Au Brésil, nous avons vu, en mai, la PM assassiner des jeunes et des enfants; de nombreux Joãos [référence à João Paulo Mattos âgé de 14 ans et criblé de balles à Rio, le 19 mai, depuis un hélicoptère de la police militaire] sont éliminés. Ce dernier crime a suscité des manifestations et des discussions dans le pays. La Cour suprême fédérale a récemment interdit les actions dans les favelas de Rio pendant la période d’isolement sanitaire.

Dans notre pays, nous avons une force de police militarisée (la PM) qui est très meurtrière pour les jeunes Noirs. Le modèle de sécurité publique est basé sur la construction d’un ennemi interne qui doit être anéanti par des méthodes de guerre. Nous pensons que la discussion de ces deux thèmes est cruciale à l’heure actuelle, où nous constatons une croissance de l’agenda antiraciste.

Dans ce texte, nous cherchons d’abord à présenter, de manière brève et incomplète, le développement de la PM au fil des ans, afin d’aborder le rôle présent de la PM au Brésil ainsi que l’urgence de son programme de démilitarisation.

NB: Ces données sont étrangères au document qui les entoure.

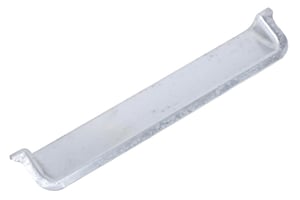 Image of 22900994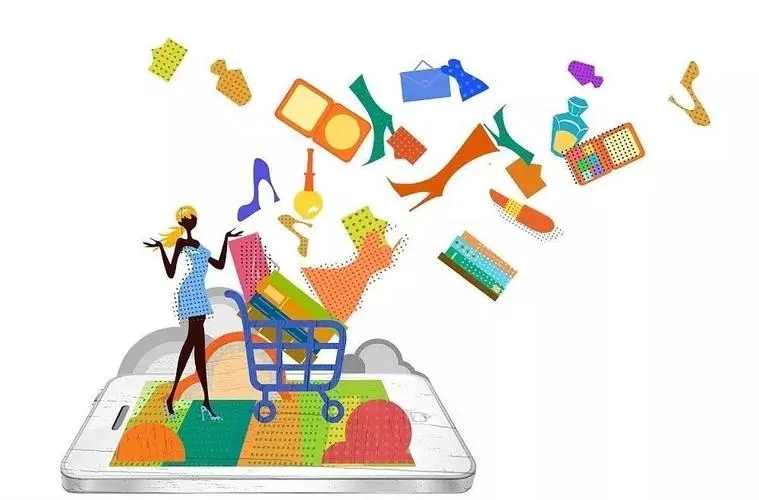 口碑非常好购物平台推荐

De l’Empire à la Première République, l’émergence de la police au Brésil

Le développement d’une police interne séparée des forces armées telles que nous les connaissons aujourd’hui est apparu vers le XVIIe siècle en France et, dans les années qui ont suivi, deux modèles, l’anglais et le français, sont apparus comme des pionniers et des exemples à suivre par les autres États-nations qui se sont formés en fonction du rôle que l’État assume pour garantir l’ordre public.

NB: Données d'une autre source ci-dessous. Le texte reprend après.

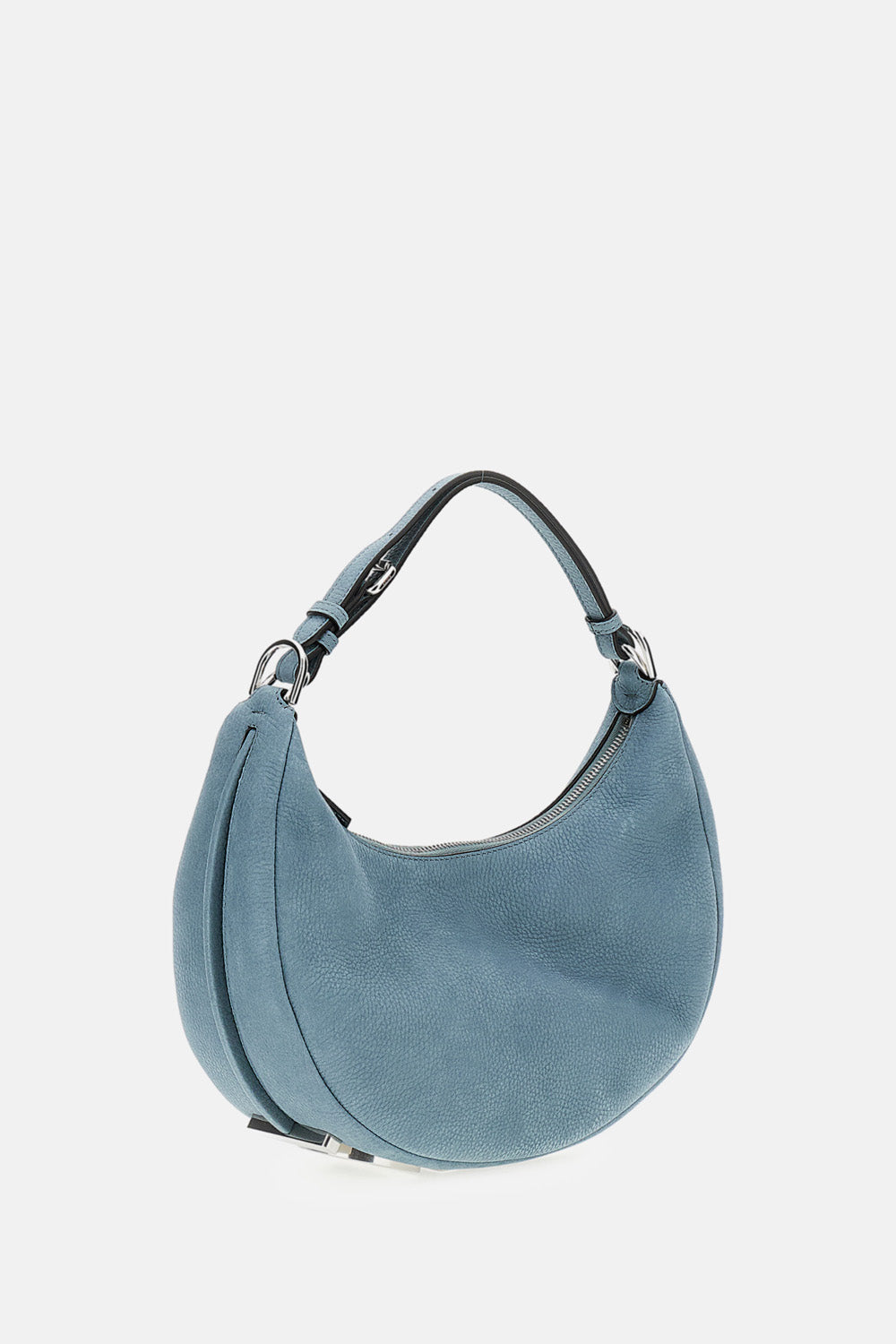 FENDIGRAPHY BAG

Le Royaume-Uni a développé une force de police unitaire, tandis que la France a développé un système étatique et centralisé, et a créé une force de police double, avec deux structures, qui ont des formations et des rôles distincts: une civile, la Garde nationale, et une militarisée, la Gendarmerie, qui est un modèle de sécurité individuelle des anciens seigneurs féodaux mis à jour pour les «temps nouveaux». Le Brésil, encore à l’époque coloniale, avait comme police une copie du modèle portugais, qui était influencé par le modèle français.

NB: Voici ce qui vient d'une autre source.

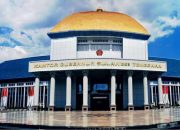 Pemprov Sultra Fasilitasi Mediasi Kedua Polemik Unsultra Tegaskan Netral Demi Kepentingan Akademik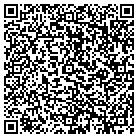QR code with Fun-O-Matic Laundromat contacts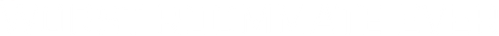 Worst Roommate Ever logo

Lorsque le roi João VI est arrivé au Brésil en 1808, la garde de la police royale de Lisbonne est restée au Portugal. Il était nécessaire de créer une institution similaire dans ce pays. La Division militaire de la Garde royale de la police de Rio de Janeiro a ensuite été créée en 1809, sur le même modèle d’organisation que la Garde portugaise. Cette division militaire avait les mêmes costumes et les mêmes armes que ceux de son inspiration lusitanienne, avec des compagnies d’infanterie et une structure déjà militarisée.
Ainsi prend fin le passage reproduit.